Ia mengatakan kekuatan komunitas Vespa bukan terletak pada kendaraan yang digunakan, melainkan pada eratnya hubungan persaudaraan yang terjalin di antara para anggotanya.
Menurut Krisantus, budaya saling membantu sudah menjadi ciri khas para scooterist, terutama ketika ada anggota yang mengalami kendala saat berkendara.
“Kalau ada Vespa mogok atau mengalami kendala di jalan, hampir selalu ada teman-temannya yang datang membantu. Di situlah terlihat kuatnya rasa solidaritas yang mereka miliki,” ungkapnya.
Selain solidaritas, Krisantus juga mengaku kagum dengan kreativitas para pecinta Vespa yang kerap melakukan berbagai modifikasi unik pada kendaraan mereka. Baginya, modifikasi tersebut menjadi bagian dari identitas dan ekspresi para penggemar skuter klasik.
Dalam kesempatan itu, ia juga menyatakan dukungannya terhadap rencana kegiatan komunitas Vespa yang akan digelar di kawasan Temajuk, Kabupaten Sambas.
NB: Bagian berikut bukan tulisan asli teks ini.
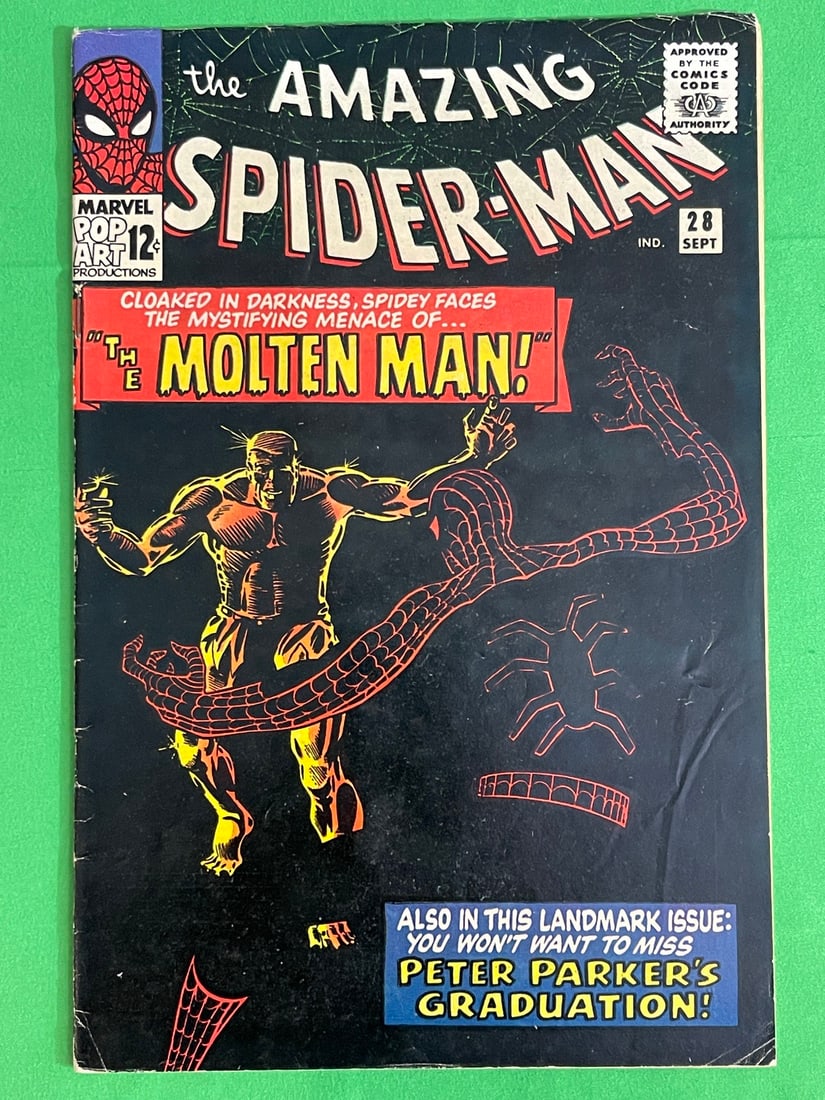 The Amazing Spider-Man Comic Book Issue 28 (1 of 1)
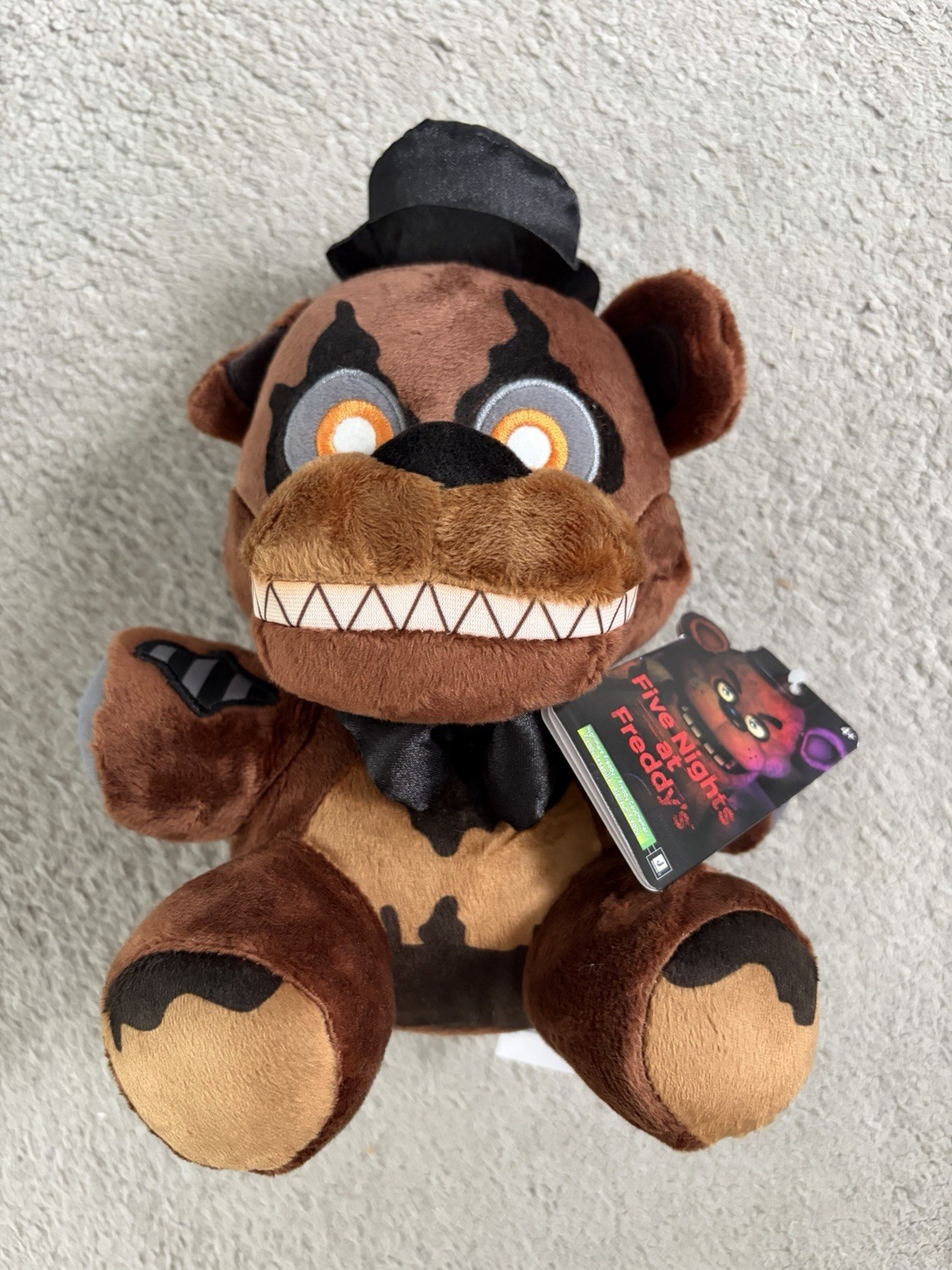 Five Night At Freddy’s Nightmare Freddy Plush Jazwares FNAF New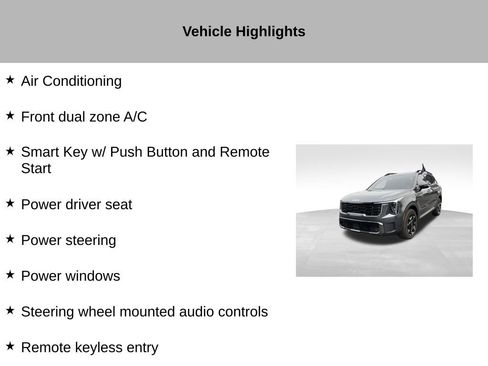 Certified 2024 Kia Sorento X-Line EX AWD/4WD image 28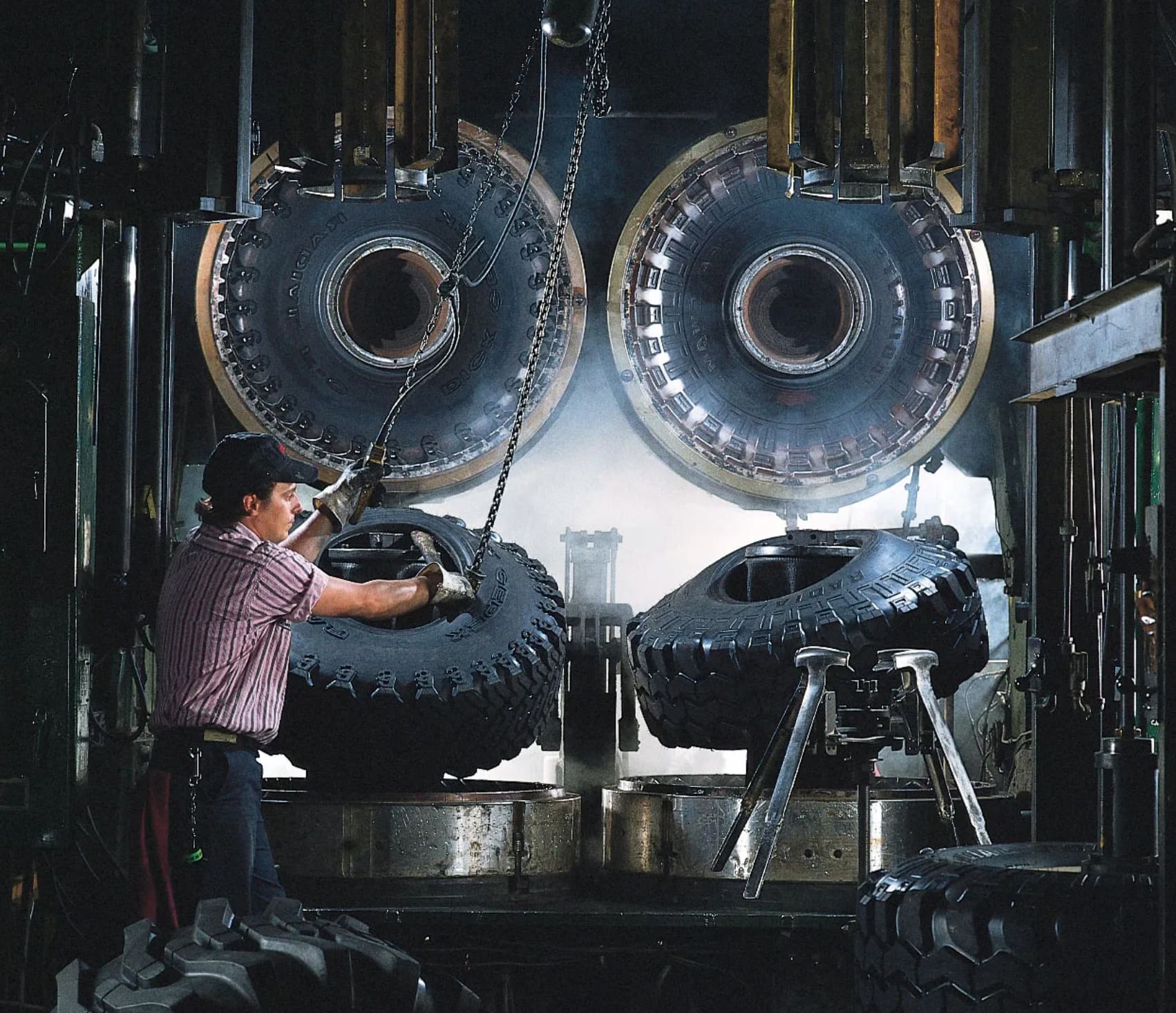 Rubber Vulcanization Process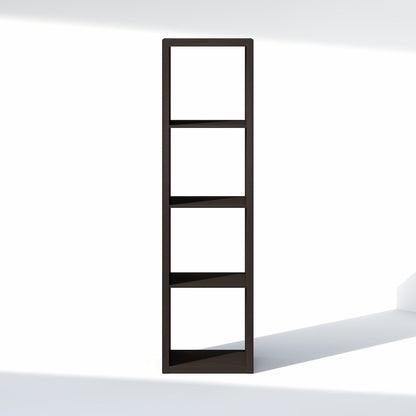 4-Cube Closet Organizer, Open Shelf Closet Storage, Extra Thick Frame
Menurutnya, kegiatan komunitas otomotif dapat menjadi sarana efektif untuk memperkenalkan potensi wisata daerah sekaligus mempererat hubungan antaranggota komunitas dari berbagai wilayah.
“Kegiatan di Temajuk nanti bisa menjadi momentum untuk memperkenalkan potensi wisata Kalimantan Barat. Semakin banyak komunitas yang datang, semakin banyak pula orang yang mengenal keindahan daerah tersebut,” ujarnya.
Krisantus bahkan mengusulkan agar kegiatan tersebut dikemas lebih dekat dengan alam, seperti melalui konsep berkemah bersama di kawasan pesisir Temajuk.
Ia berharap konsep tersebut tidak hanya memberikan pengalaman berbeda bagi peserta, tetapi juga semakin memperkuat rasa kebersamaan di antara para scooterist.
Di akhir kegiatan, Krisantus menegaskan komitmen Pemerintah Provinsi Kalimantan Barat untuk mendukung berbagai aktivitas positif yang digelar komunitas masyarakat.
“Komunitas seperti ini memiliki peran penting dalam membangun kebersamaan dan memperkenalkan potensi daerah. Pemerintah Provinsi Kalimantan Barat tentu mendukung kegiatan-kegiatan positif yang membawa manfaat bagi masyarakat dan daerah,” pungkasnya.